▶ _AIM OF THE TASK_
Line by line, output everything from the one that contains "Колонка портативна з" through the end of the material below, exactly as written and with no pictures.

▶ _GIVEN INFORMATION_

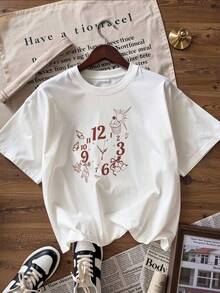 Camiseta de Manga Corta con Reloj y Detalles de Cupcake y Conejo,Camiseta de manga corta de moda para primavera y verano de 2026, hecha en México, 180 gramos. Estampado de dibujos animados, modelo de pareja, apta para uso interior o exterior. Cuello redondo, unisex, ideal para oficina y ocio. Paquete de una pieza. - WH-P631577SLNDXZGY406 - Ver 3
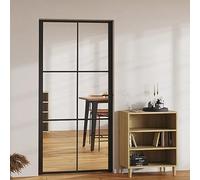 IKAYAA Porta Interna in Vetro Porta da Interni Battente Porta Vetro per Bagno Cucina Studio in Vetro e Alluminio-Nero e trasparente-102.5 x 201.5 cm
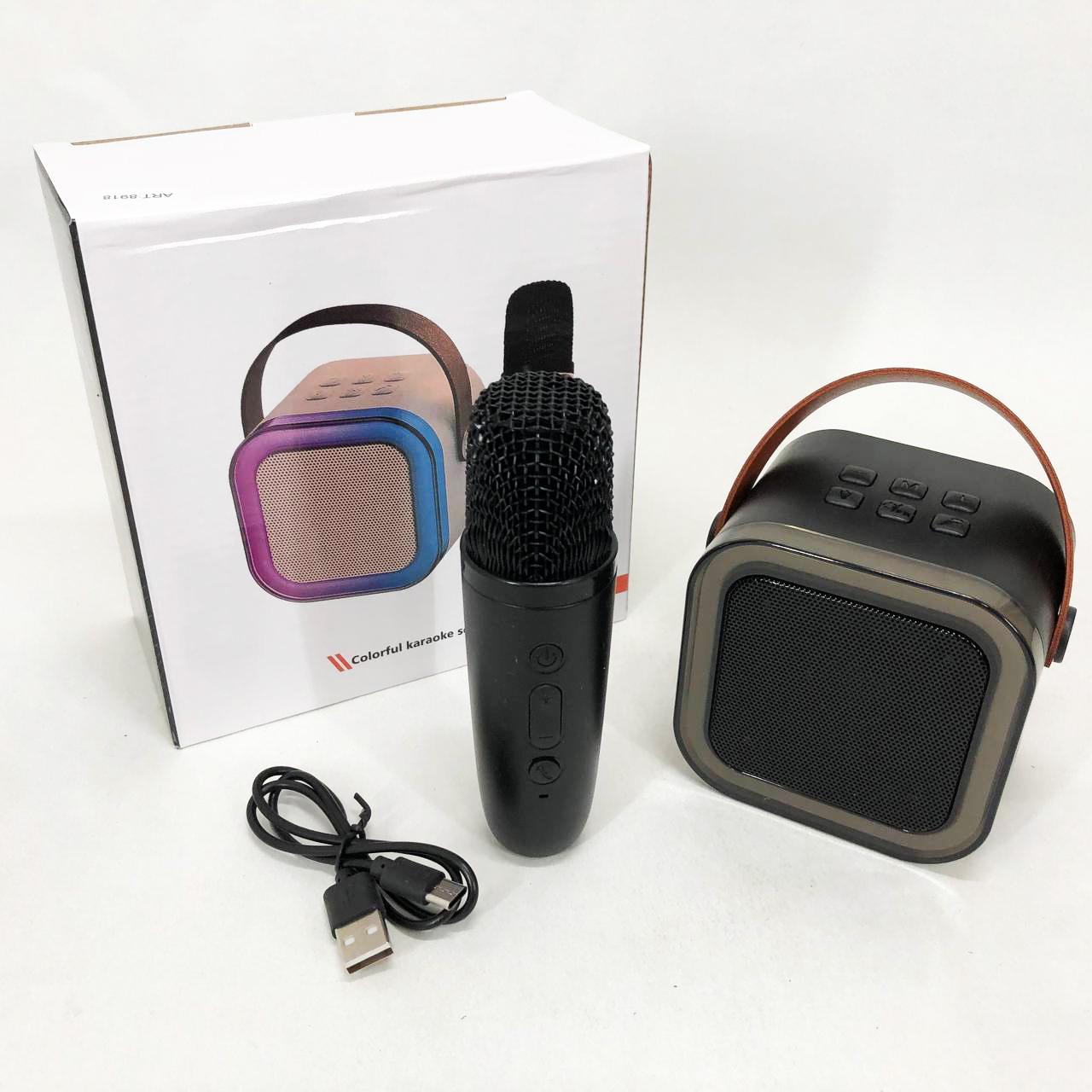 Колонка портативна з караоке мікрофоном та RGB підсвічуванням K12 /10W Bluetooth Чорний - фото 6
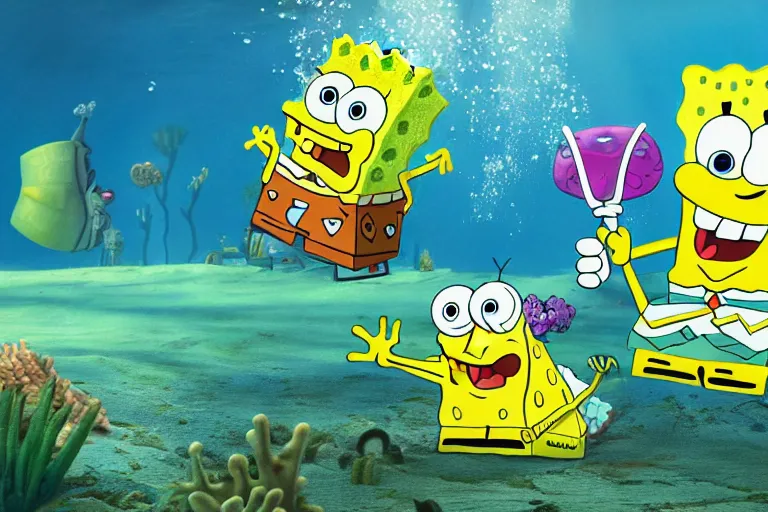 Image similar to SpongeBob is underwater outside a pineapple house, 8k, real photo, hyperrealism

▶ _TASK SOLUTION_
 Колонка портативна з караоке мікрофоном та RGB підсвічуванням K12 /10W Bluetooth Чорний - фото 6
 Image similar to SpongeBob is underwater outside a pineapple house, 8k, real photo, hyperrealism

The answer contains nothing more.